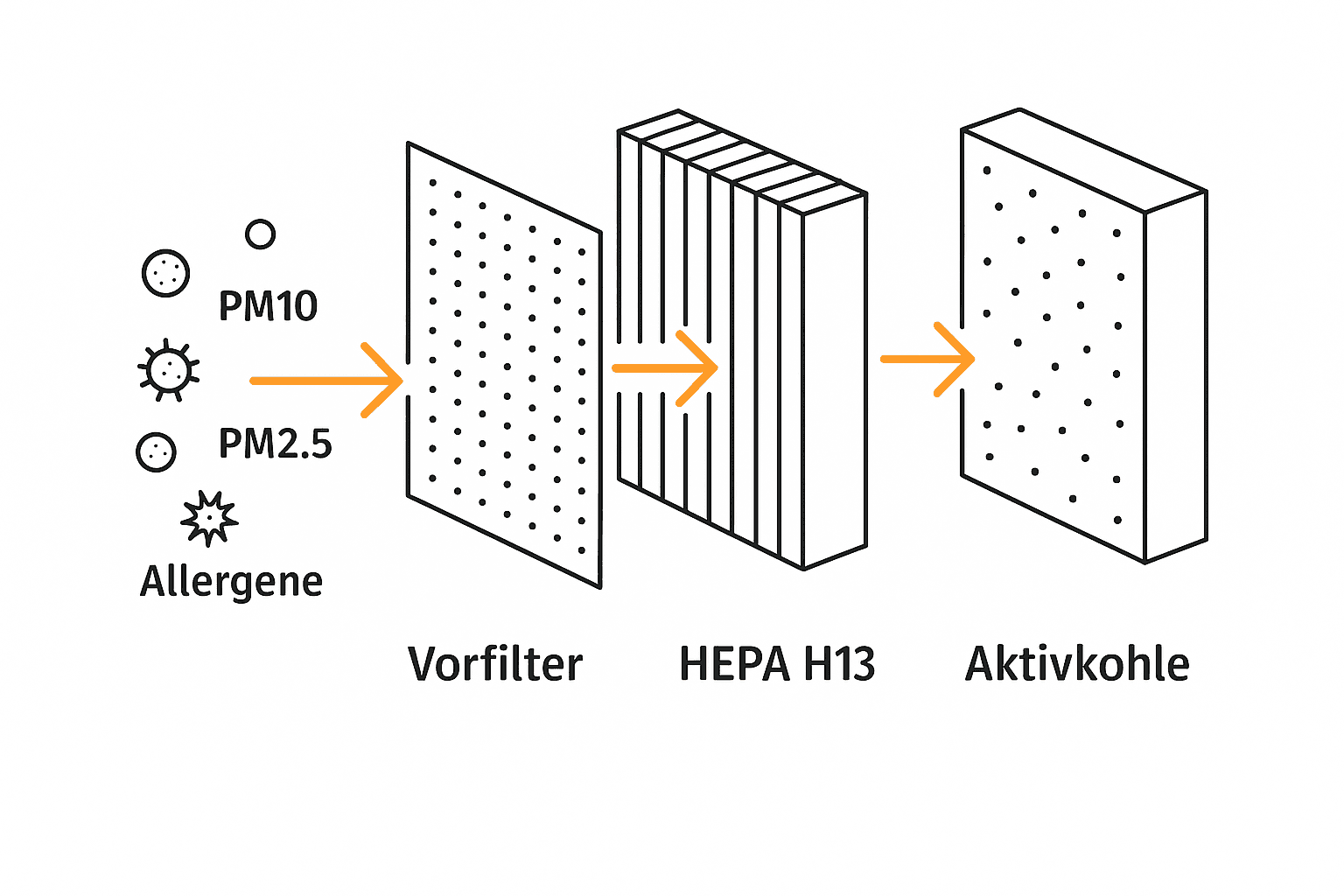 luftreiniger pm2.5 allergie haustier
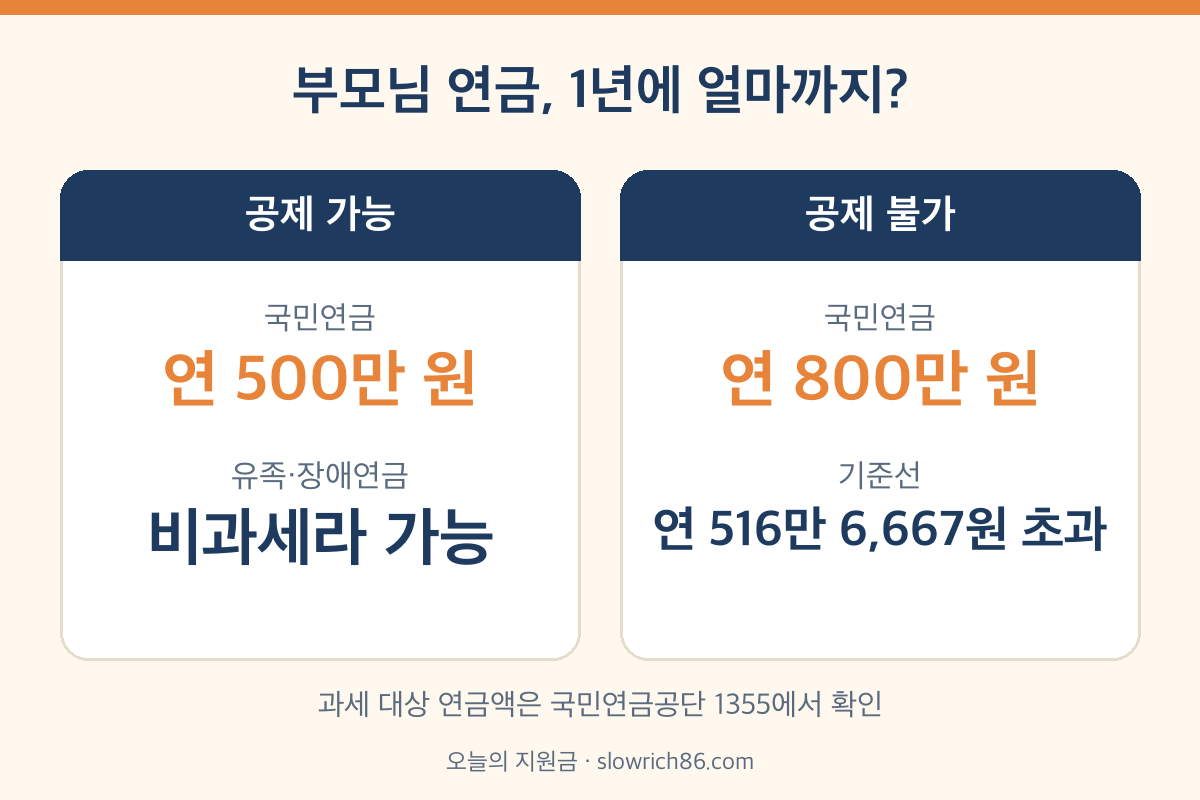 연말정산 부양가족 연금소득 기준 연 516만원 국민연금 사례 비교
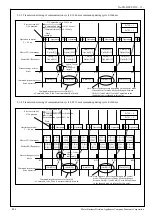 Preview for 19 page of Panasonic MINAS-A5NL Series Technical Reference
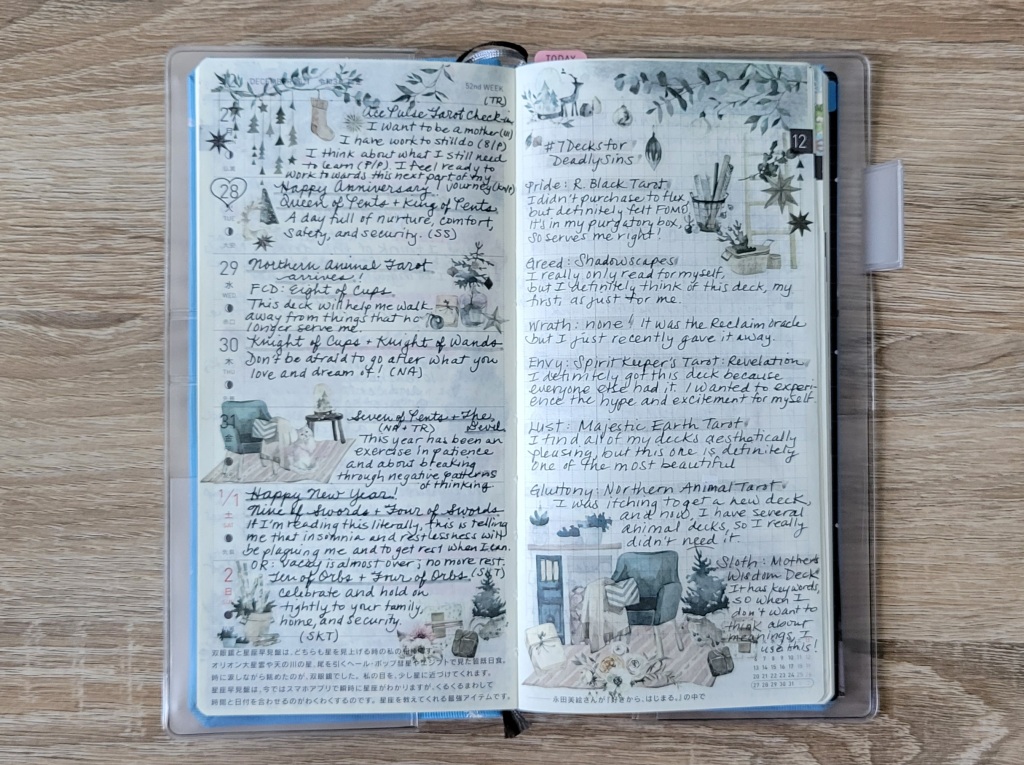 My Tarot Journal. I have been doing tarot for over a year and I was  inspired by a reddit user to make a tarot journal of my own. I'm having so  much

********

§ Work instruction
The listing is to be reproduced in full and exactly, except that its pictures are to be dropped.

§ Answer to this problem
 luftreiniger pm2.5 allergie haustier
 연말정산 부양가족 연금소득 기준 연 516만원 국민연금 사례 비교
 Preview for 19 page of Panasonic MINAS-A5NL Series Technical Reference
 My Tarot Journal. I have been doing tarot for over a year and I was  inspired by a reddit user to make a tarot journal of my own. I'm having so  much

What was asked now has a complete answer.